Как задать LTV-таргет и первый когортный бейзлайн
Как задать LTV-таргет и первый когортный бейзлайн
Ответить самому
Сначала сформулируйте ответ как на собеседовании, затем откройте разбор и оцените себя.
Короткий ответ
First define horizon, cohort timestamp and revenue unit. A safe baseline uses only information available at prediction time, then predicts realized future revenue over the chosen horizon.
Полный разбор
Start by fixing the business question. For example, "for users acquired in week W, estimate gross revenue over 365 days from acquisition." Decide whether LTV is gross revenue, net revenue after platform fees, or contribution after acquisition cost. Do not mix those definitions.

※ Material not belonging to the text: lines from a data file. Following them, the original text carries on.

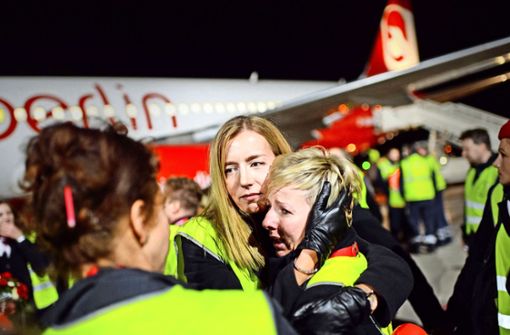 Trösten und Tränen trocknen nach dem Abschiedsflug: Air-Berlin-Mitarbeiterinnen halten sich am 27. Oktober 2017 am Flughafen Berlin-Tegel nach der Landung der Maschine aus München in den Armen. Foto: dpa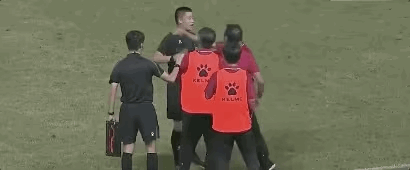 主帅掌掴主裁，中国足球还有更搞笑的吗？
真的刷新三观，中国足球搞成如今这样，可以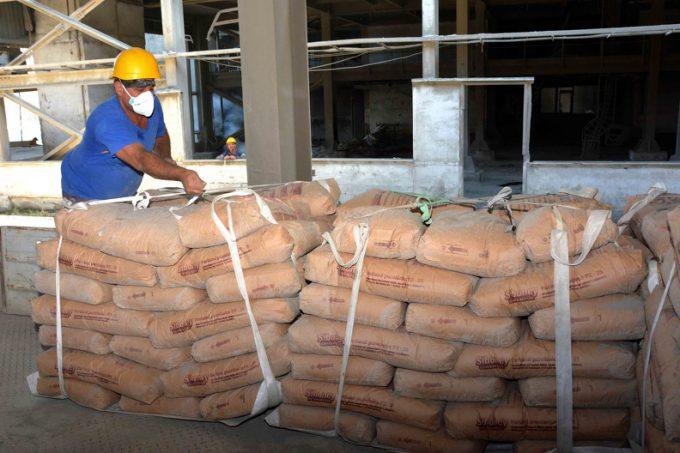 Establecen nuevos precios mayoristas máximos centralizados del cemento de producción nacional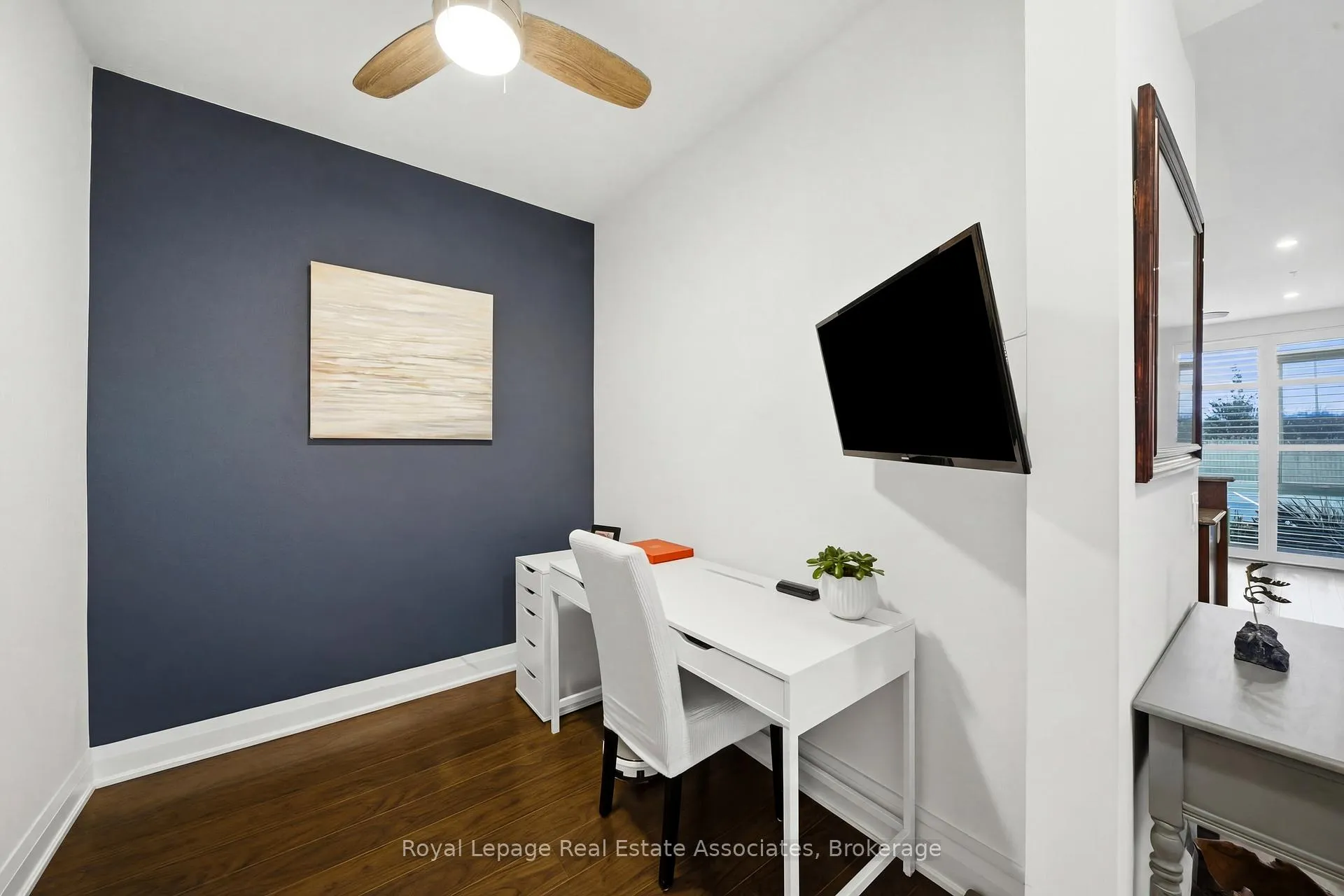Photo 6 of Unit 114, 16 Concord Place, Grimsby, Grimsby Beach — HOMEH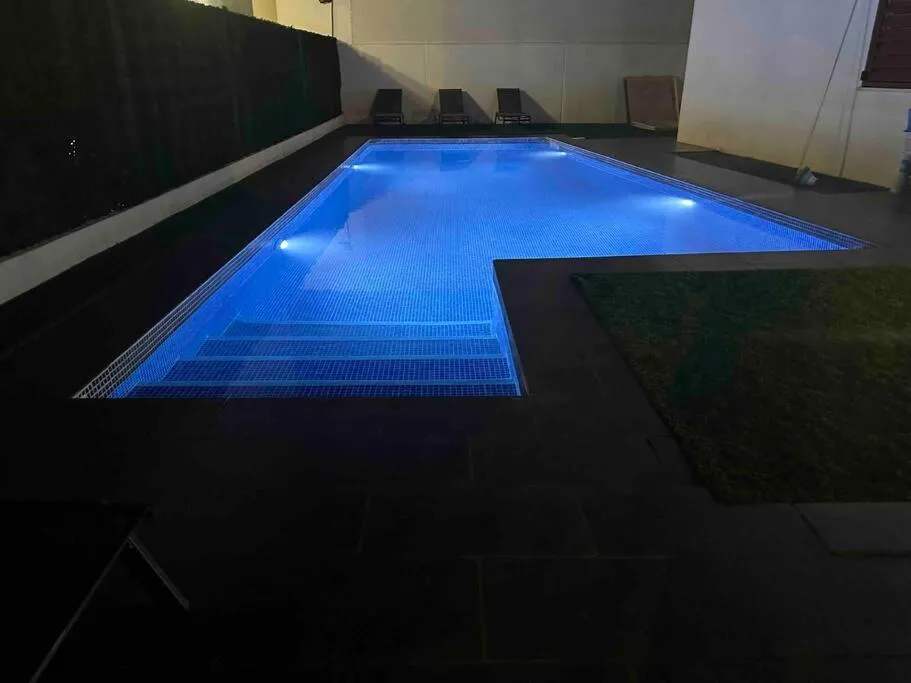 Image 5 of Modern 5-bedroom villa with pool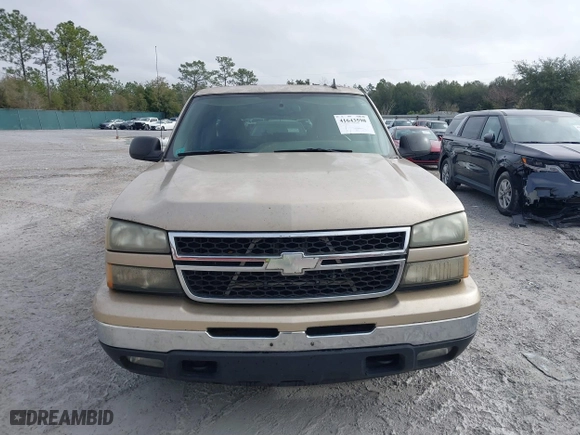 2006 Chevrolet Silverado 1500 LT1 with VIN 2GCEC13T161155954, listed as a IAAI auction lot 41643598 with 222,321 mi miles. Bid and sale history available at carsss.com. Image 12.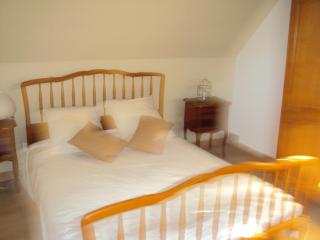 chambre coquette lit double Sdb privative - 5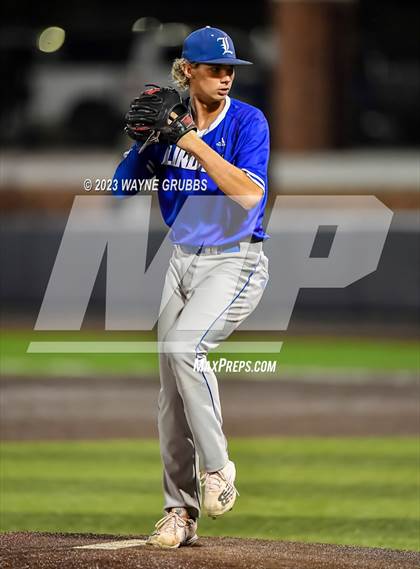 Thumbnail 1 in Lindale vs. Pleasant Grove (UIL 4A Regional Quarterfinal) photogallery.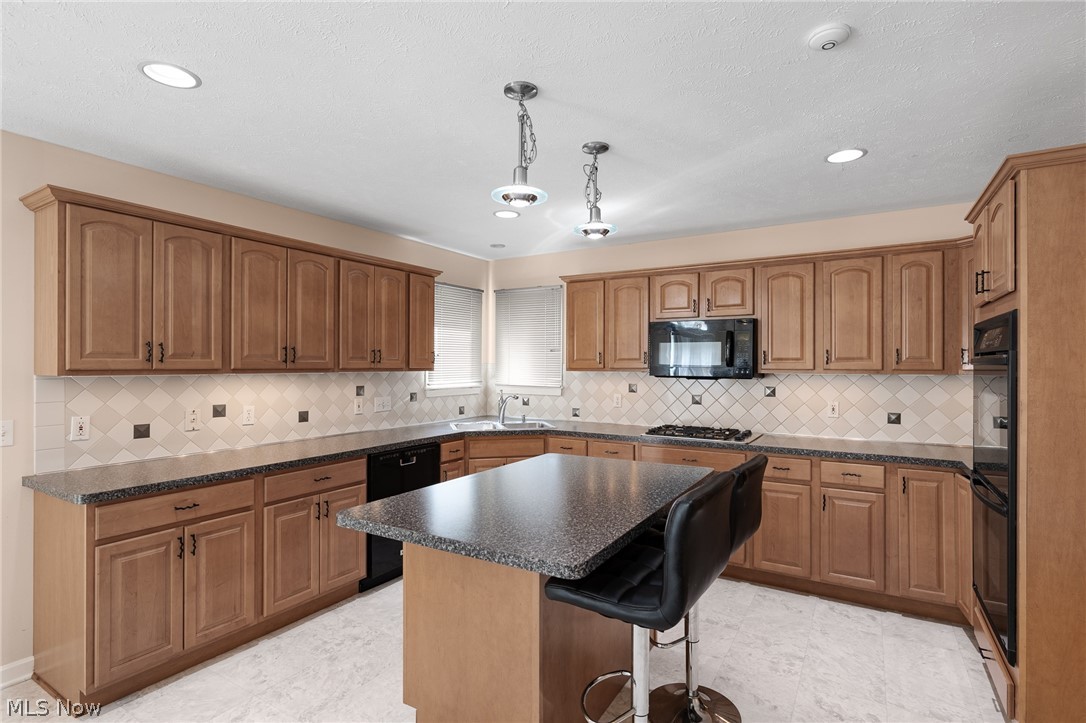477 Cranleigh Court Richmond Heights OH 44143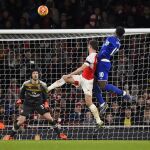 El Arsenal ganó (2-1) al Everton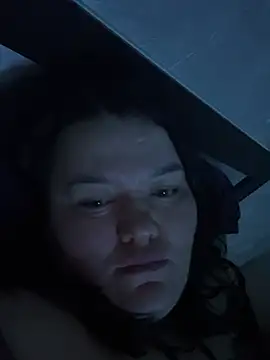 SunnyLeila2101 online show from January 18, 5:00 am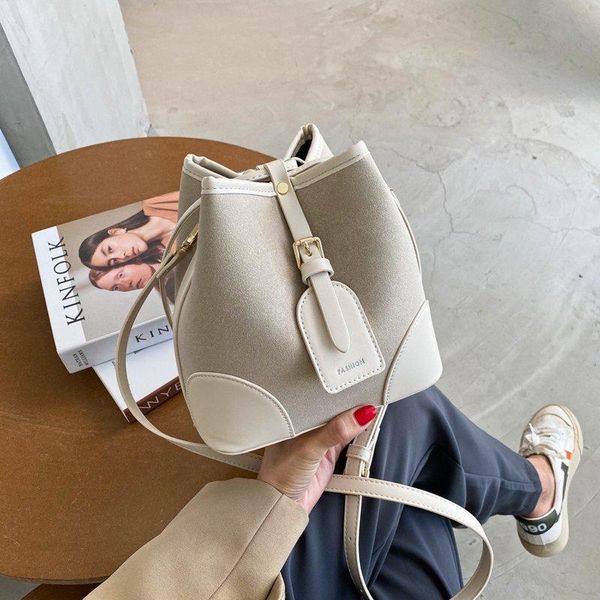 cross body designer bucket bag women handbags female leather messenger bags sac vintage crossbody for shoulder
cross body designer bucket bag women handbags female leather messenger bags sac vintage crossbody for shoulder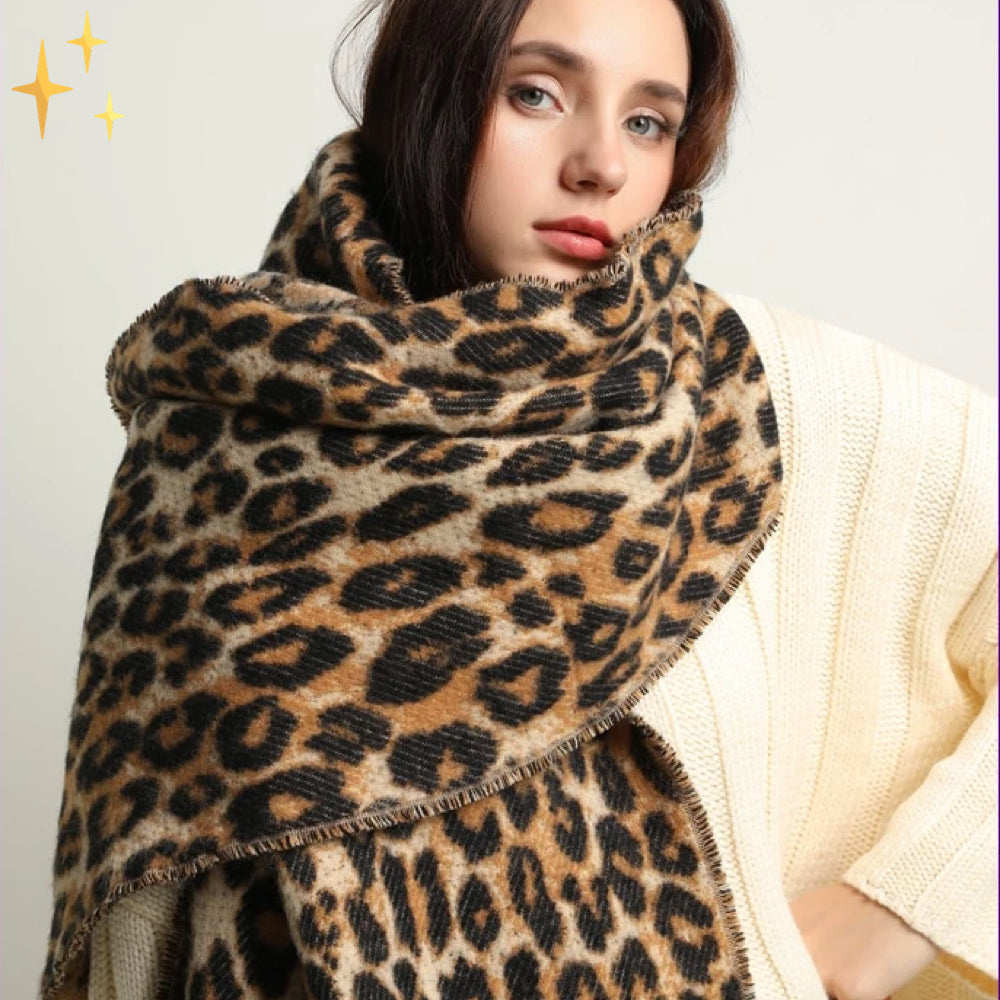 Winterschal – warmer, großer Wollschal mit Leopardenmuster für Damen-HauteBerlin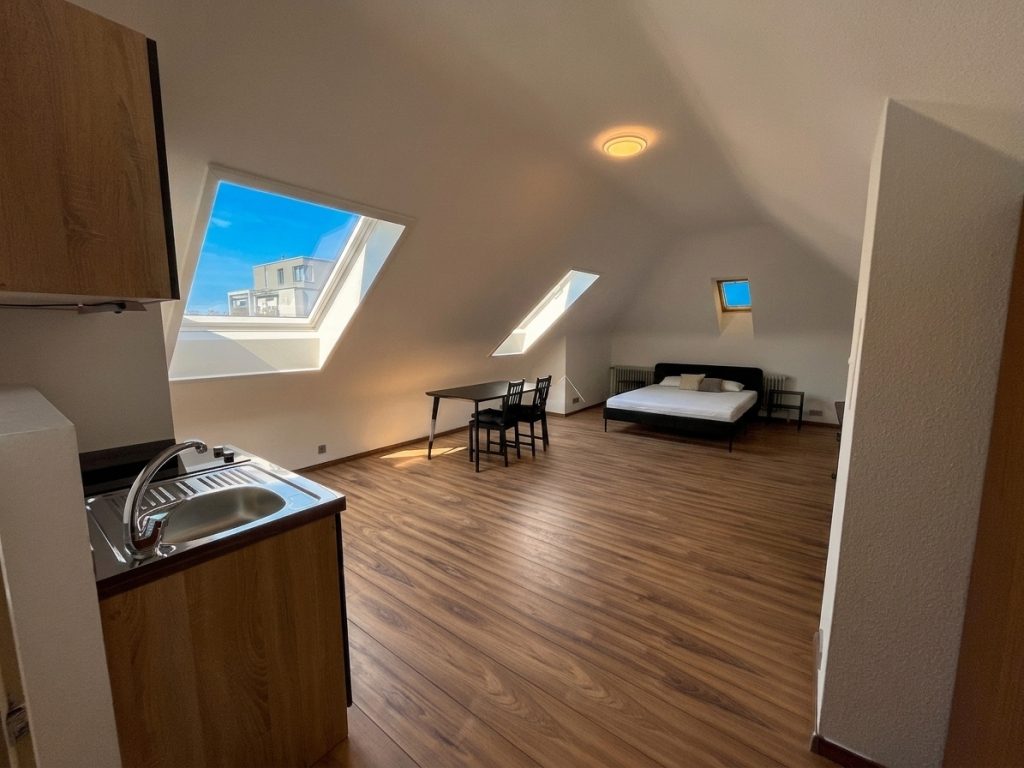 HUST Immobilien GmbH & Co. KG - Immobilienangebot - Ettlingen - Alle - Bezugsfreie Maisonette-Wohnung nahe dem Erbprinz: möbliert & perfekt für eine 3er-WG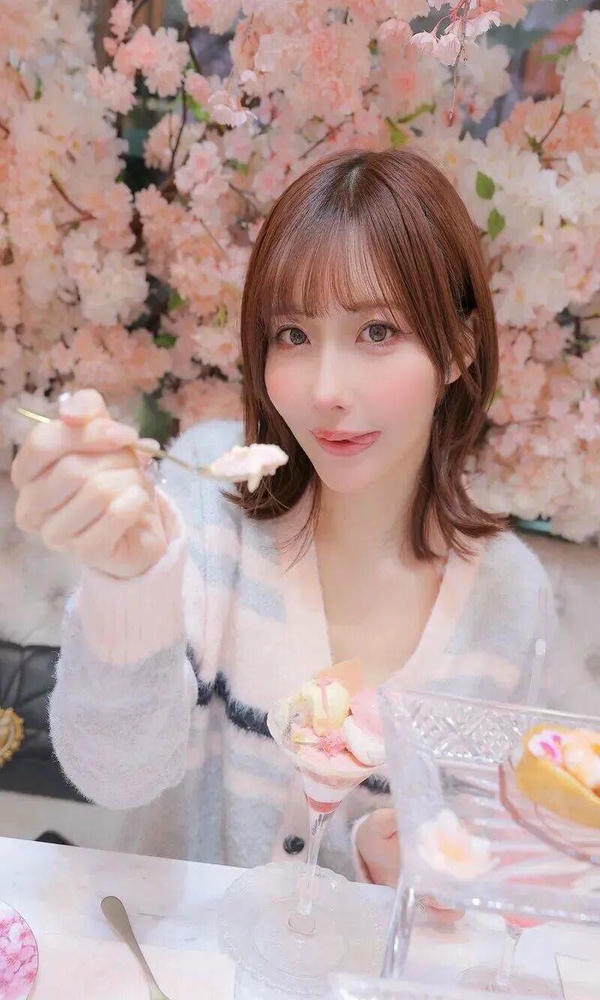 anh-mat-chua-dung-ca-mot-cau-chuyen-dai Ánh mắt chứa đựng cả một câu chuyện dài.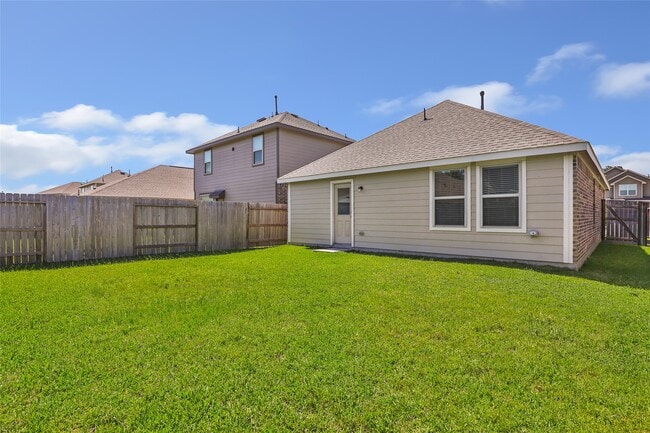 Photo - 6220 Arcadia Sound Ln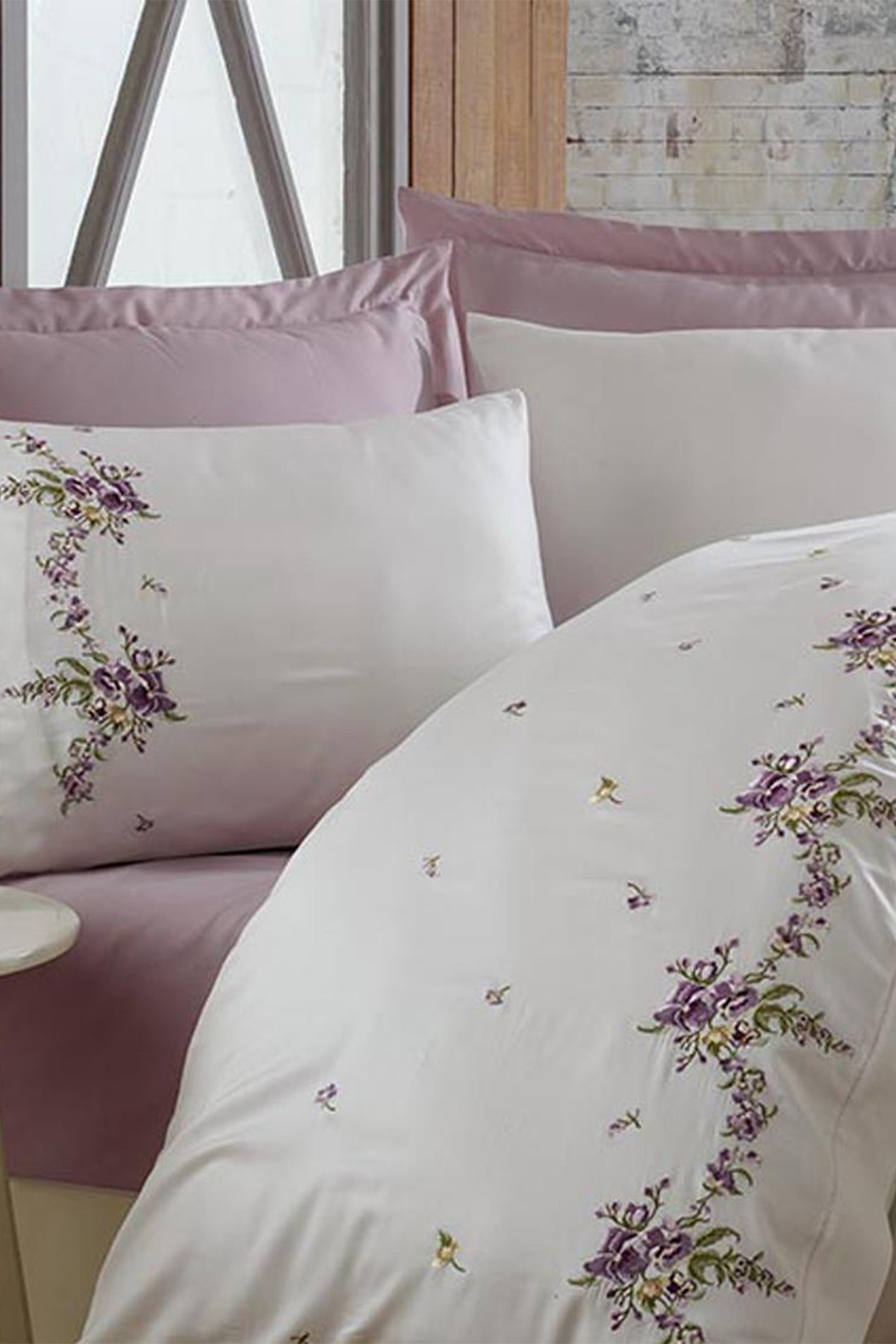 Picture of Dantela Nisa Nakışlı Pamuk Saten Nevresim Takımı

Then build training examples as historical snapshots. Each example has a prediction timestamp, features available at that timestamp, and a future target measured over the remaining or full horizon. If the model is meant to predict for new users after one week, it cannot use transaction events from week two onward.
A first baseline can be simple: historical average LTV by acquisition channel, country, subscription product, campaign, app category and acquisition week. A model baseline can be linear regression or gradient boosting on the same snapshot-safe features. Evaluate on later cohorts, not randomly mixed rows, because marketing, seasonality and product behavior drift over time.
For partially observed cohorts, be explicit about censoring. Either wait until the full target is observed for training labels, use survival/retention modeling, or use a mature-cohort target and communicate that young-cohort estimates have higher uncertainty.
Теория
LTV modeling is mostly a target-definition and leakage-control problem before it is a modeling problem.
Типичные ошибки
- Train on features that are only known after the prediction timestamp.
- Compare cohorts with different observation windows as if they were equally mature.
- Mix revenue LTV and profit after CAC without saying which one is optimized.
- Use random row split instead of time/cohort split.
Как отвечать на собеседовании
- Ask what horizon and prediction timestamp matter to the business.
- Say how you would create historical snapshots.